Background
Born and raised in Hungary, where his family had sought refuge during the Cossack atrocities of 1648-1654, he grew up in a mixed Ashkenazi-Sephardi community that enjoyed the benefits of Turkish rule.
Born and raised in Hungary, where his family had sought refuge during the Cossack atrocities of 1648-1654, he grew up in a mixed Ashkenazi-Sephardi community that enjoyed the benefits of Turkish rule.
Encouraged to familiarize himself with Sephardi practice, he continued his studies farther afield, mainly in Salonika (1676— 1679).
Fate dealt him a cruel blow, when his wife and child were killed during the Hapsburg siege of Buda in 1686. He then fled to Sarajevo, where the Sephardim appointed him their hakham (rabbi), a title that he proudly retained with the adopted surname of Ashkenazi.
The Danish-ruled city of Altona, in northwest Germany, was his home from 1688 until 1709. There he remarried and consolidated his reputation as an eminent scholar in Jewish law, questions being submitted to him from many parts of Europe. One dealt with the Turkish false messiah, Shabbetai Tzevi, and his secret adherents; another insinuated that David Nieto, the Sephardi chief rabbi of London, had preached in favor of Spinozism - a charge that Hakham Tzevi investigated and dismissed (1705).
Hakham Tzevi succeeded his father-in-law as rabbi of Altona-Hamburg-Wandsbeck Triple Community in 1707, but fell sick and resigned two years later when a controversy broke out over one of his more unusual decisions.
In 1710 he was elected chief rabbi of the Ashkenazi Jews in Amsterdam and was welcomed by the local Sephardi magnates and lay leaders. His volume of rabbinic decisions published there in 1712, also drew many compliments from the Sephardi rabbinate, headed by Solomon Ayllon.

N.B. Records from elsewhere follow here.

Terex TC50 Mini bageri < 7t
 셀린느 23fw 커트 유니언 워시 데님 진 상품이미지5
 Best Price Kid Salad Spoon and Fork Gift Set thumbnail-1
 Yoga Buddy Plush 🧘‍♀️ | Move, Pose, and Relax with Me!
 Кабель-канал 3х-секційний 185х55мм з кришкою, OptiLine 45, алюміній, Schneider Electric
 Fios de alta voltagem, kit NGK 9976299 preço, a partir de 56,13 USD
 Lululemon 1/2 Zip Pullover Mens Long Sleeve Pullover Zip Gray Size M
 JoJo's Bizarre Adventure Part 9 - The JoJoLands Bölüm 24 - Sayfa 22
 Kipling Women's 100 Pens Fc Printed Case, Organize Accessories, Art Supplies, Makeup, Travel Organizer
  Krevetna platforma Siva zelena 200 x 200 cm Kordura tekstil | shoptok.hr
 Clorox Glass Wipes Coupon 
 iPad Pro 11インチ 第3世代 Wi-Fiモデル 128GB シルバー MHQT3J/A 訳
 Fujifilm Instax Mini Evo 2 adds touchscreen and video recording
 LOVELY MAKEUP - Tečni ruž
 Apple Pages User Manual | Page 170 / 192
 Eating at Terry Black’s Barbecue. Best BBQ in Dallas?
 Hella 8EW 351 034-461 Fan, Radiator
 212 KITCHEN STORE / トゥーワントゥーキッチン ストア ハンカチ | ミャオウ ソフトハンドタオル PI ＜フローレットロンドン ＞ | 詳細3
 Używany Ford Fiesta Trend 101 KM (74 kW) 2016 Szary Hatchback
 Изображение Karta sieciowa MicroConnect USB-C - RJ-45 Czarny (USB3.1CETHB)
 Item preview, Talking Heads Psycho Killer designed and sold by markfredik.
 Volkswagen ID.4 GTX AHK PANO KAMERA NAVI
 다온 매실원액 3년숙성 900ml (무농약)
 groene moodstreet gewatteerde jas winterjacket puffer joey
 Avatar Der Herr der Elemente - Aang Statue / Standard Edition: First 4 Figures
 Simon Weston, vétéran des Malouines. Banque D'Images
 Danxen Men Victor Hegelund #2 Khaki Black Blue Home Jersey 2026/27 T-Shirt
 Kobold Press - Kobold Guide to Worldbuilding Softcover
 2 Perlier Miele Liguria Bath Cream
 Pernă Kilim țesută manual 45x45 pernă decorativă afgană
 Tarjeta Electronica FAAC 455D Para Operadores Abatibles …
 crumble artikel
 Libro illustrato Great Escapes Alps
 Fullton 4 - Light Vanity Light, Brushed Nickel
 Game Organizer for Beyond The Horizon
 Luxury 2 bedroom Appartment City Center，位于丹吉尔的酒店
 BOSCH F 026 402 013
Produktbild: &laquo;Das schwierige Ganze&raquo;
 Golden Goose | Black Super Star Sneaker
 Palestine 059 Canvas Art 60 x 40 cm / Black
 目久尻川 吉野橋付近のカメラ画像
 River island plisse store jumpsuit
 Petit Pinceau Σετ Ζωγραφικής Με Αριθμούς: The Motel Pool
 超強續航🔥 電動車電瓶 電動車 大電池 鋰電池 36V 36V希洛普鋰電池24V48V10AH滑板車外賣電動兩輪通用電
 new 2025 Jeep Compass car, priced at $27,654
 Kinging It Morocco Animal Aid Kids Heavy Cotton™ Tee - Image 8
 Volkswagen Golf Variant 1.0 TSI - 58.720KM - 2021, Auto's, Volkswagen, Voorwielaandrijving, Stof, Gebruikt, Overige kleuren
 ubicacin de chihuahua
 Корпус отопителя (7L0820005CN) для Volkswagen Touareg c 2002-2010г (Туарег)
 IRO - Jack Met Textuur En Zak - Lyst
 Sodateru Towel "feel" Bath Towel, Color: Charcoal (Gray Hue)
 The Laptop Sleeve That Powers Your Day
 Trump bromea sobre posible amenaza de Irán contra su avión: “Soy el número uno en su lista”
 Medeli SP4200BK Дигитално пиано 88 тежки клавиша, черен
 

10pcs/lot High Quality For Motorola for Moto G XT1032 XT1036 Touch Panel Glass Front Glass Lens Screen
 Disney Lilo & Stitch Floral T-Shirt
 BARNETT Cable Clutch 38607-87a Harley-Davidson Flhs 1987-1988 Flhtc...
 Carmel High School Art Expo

The following year, however, communal harmony was shattered by the arrival of Nehemiah Hayon, a smooth-tongued follower of Shabbetai Tzevi who had just published a heretical kabbalistic work in Berlin. Hayon asked the Sephardi leaders to permit the sale and distribution of his “learned” book in Amsterdam, but they made this conditional on a rabbinic endorsement. Having reason to suspect their own chief rabbi’s orthodoxy, these lay leaders decided to consult Hakham Tzevi as well as Solomon Ayllon. Without waiting for his Sephardi colleague’s decision in the matter, Hakham Tzevi proceeded to condemn the book as a Shabbatean tract and to excommunicate its author. This high-handed step enraged Ayllon, who made his quarrel with Hakham Tzevi the pretext for a general campaign of incitement against the “Ashkenazi upstarts.”
Rather than continue to endure the violent hostility of his opponents, Hakham Tzevi left Amsterdam in 1714 and accepted the Ashkenazic rabbinate of Lemberg in Poland, where he died a few months after assuming office, worn out and embittered by his experiences.